Hey , could you help me out here?

I'm working on some experiments based on two assumptions:

- Some information has decaying value;
- The amount of information that has decaying value is increasing rapidly.

It's somewhat early stage, so before I go down a rabbit hole, does anyone know of any prior art, or any articles or algos on a related topic?

Thanks!

· Web · 3 · 2

@ricardojmendez
Those assumptions makes sense, sorta, though you didn't clarify which sort of value you care about.

However, it's so vague and broad that it's really hard to comment on (or refer you to existing work).
What's the question your experiments try to answer? What sort of algorithms/experiments/data do you have in mind?

@kellerfuchs Initially, filtering. "Should I be considering this at all, and if so, in what weight?"

Trivializing it, you could say I'm looking at a more elaborate exponential moving average, although used to calibrate age rankings more than adjusting a datum.

@ricardojmendez
OK. I guess this is time-series data?

If so, blog.filippo.io/understanding- is a pretty decent intro to the various kinds of time-series data, and while it argues that approximate, consise representations are not needed (“keeping all requests timings of the last 5 seconds to nanosecond precision at 5000qps [requires] 200kB”), it refers to various techniques (weighted- and sliding-window-reservoirs) that are relevant.

[continued]

@ricardojmendez
Searching for “consise approximations of time-series” yielded “Piecewise Trend Approximation: A Ratio-Based Time Series Representation” [0], which itself refers to a bunch of different methods in the introduction.
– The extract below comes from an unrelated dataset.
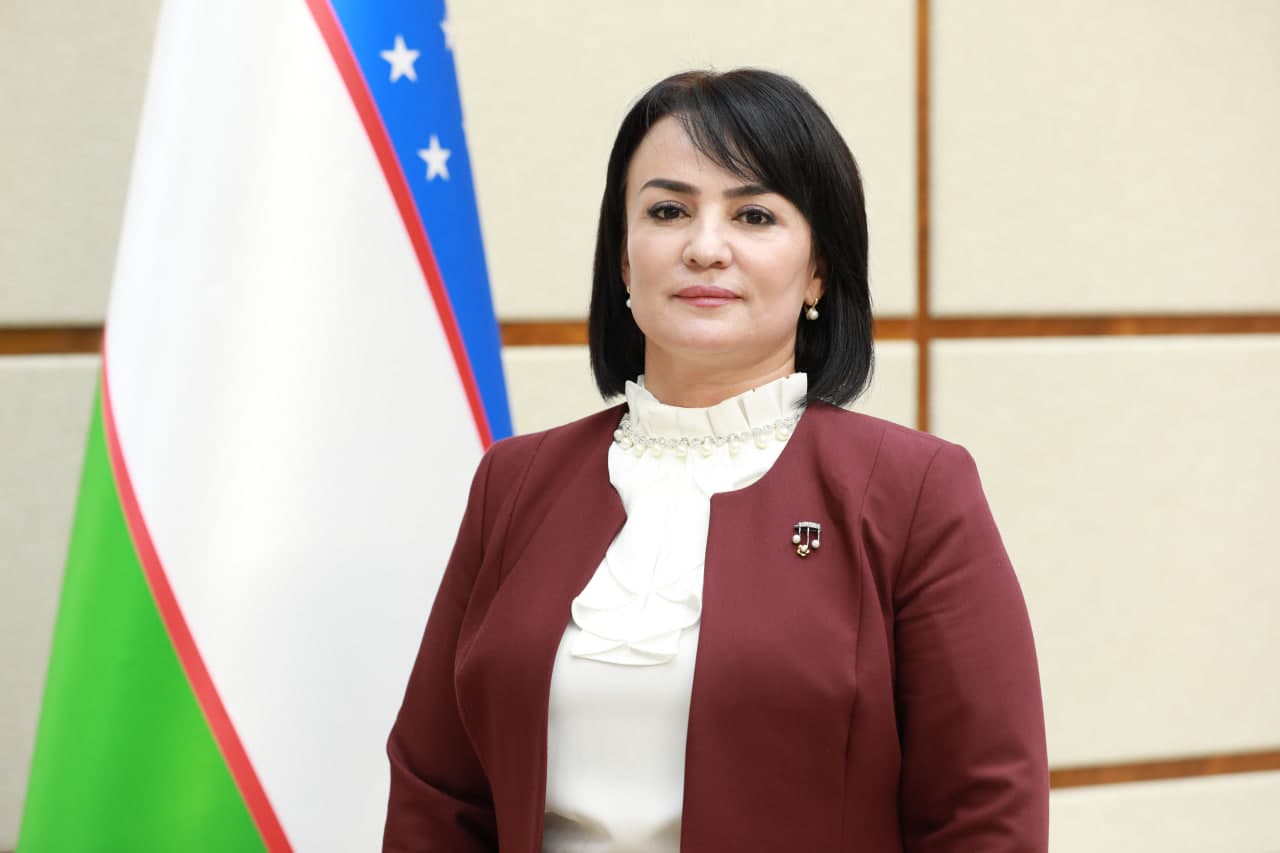 Xo‘jayeva Shahnoza Abdurahmonovna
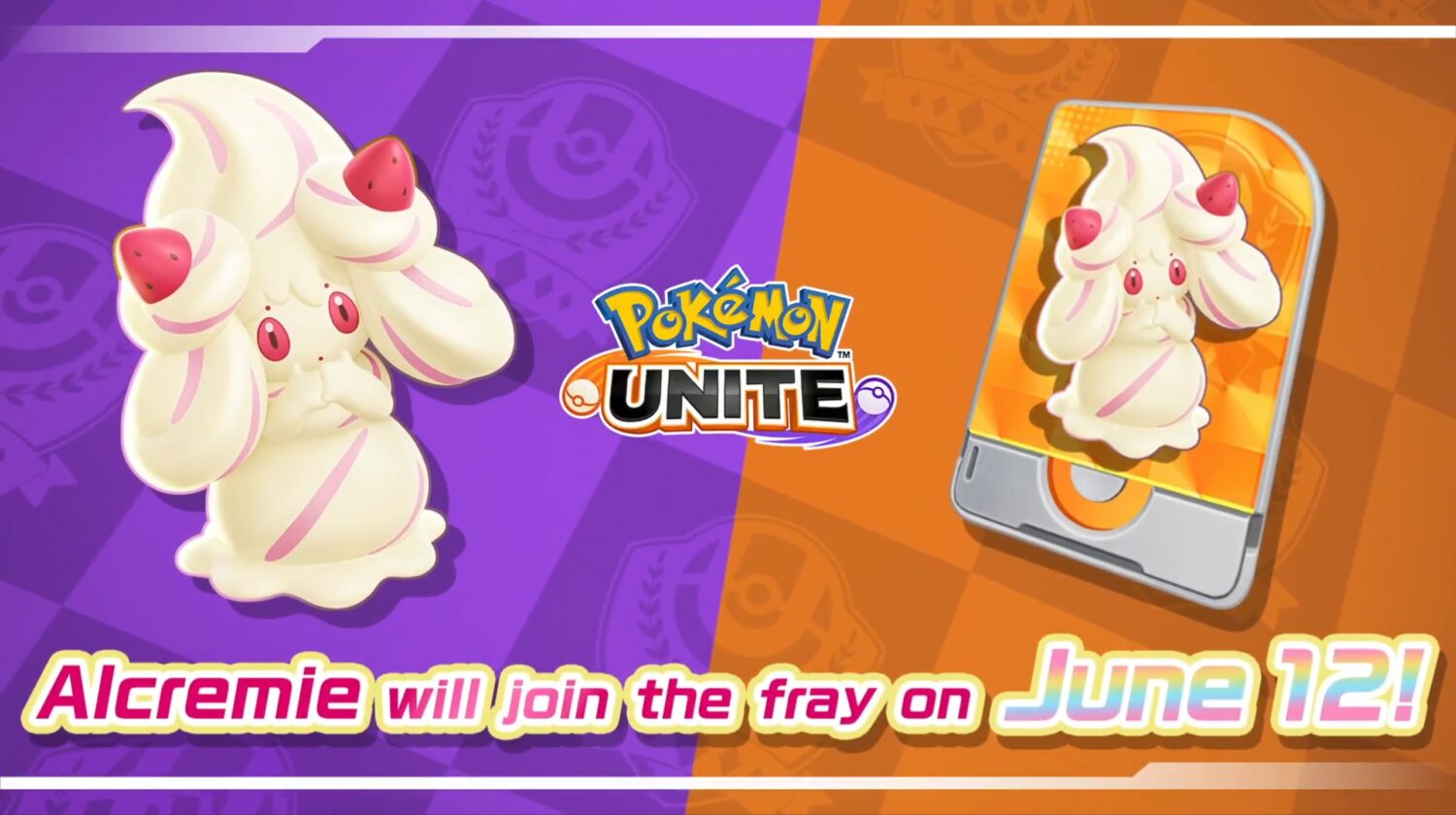 Alcremie’s Sugary Entrance in Pokémon UNITE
That is definitely a thorough bibliographic survey, but it is a start; someone more expert than I might pitch in, or you might find better sources, though.

[0]: researchgate.net/publication/2

@kellerfuchs Thanks for the links. I hadn't thought about it as a time series, given that the creation timestamp is only a component and the associated datum is not necessarily quantifiable, but it's a good starting point. I expect discounting old data is relevant in time series, might lead to good pointers.

Outside perspective ftw.

Cheers!

@ricardojmendez Ah, yes, if the data isn't quantitative it might be much harder.

Good luck :)

@ricardojmendez #history historians have been dealing with this for as long as we've had them ...

@ricardojmendez my lovely history-major gf is sending relevant links ...

@ricardojmendez some of those even have flowcharts...there's your algos

@jeffcliff Excellent! Please thank your lovely history-major girlfriend on behalf of a grateful internet person.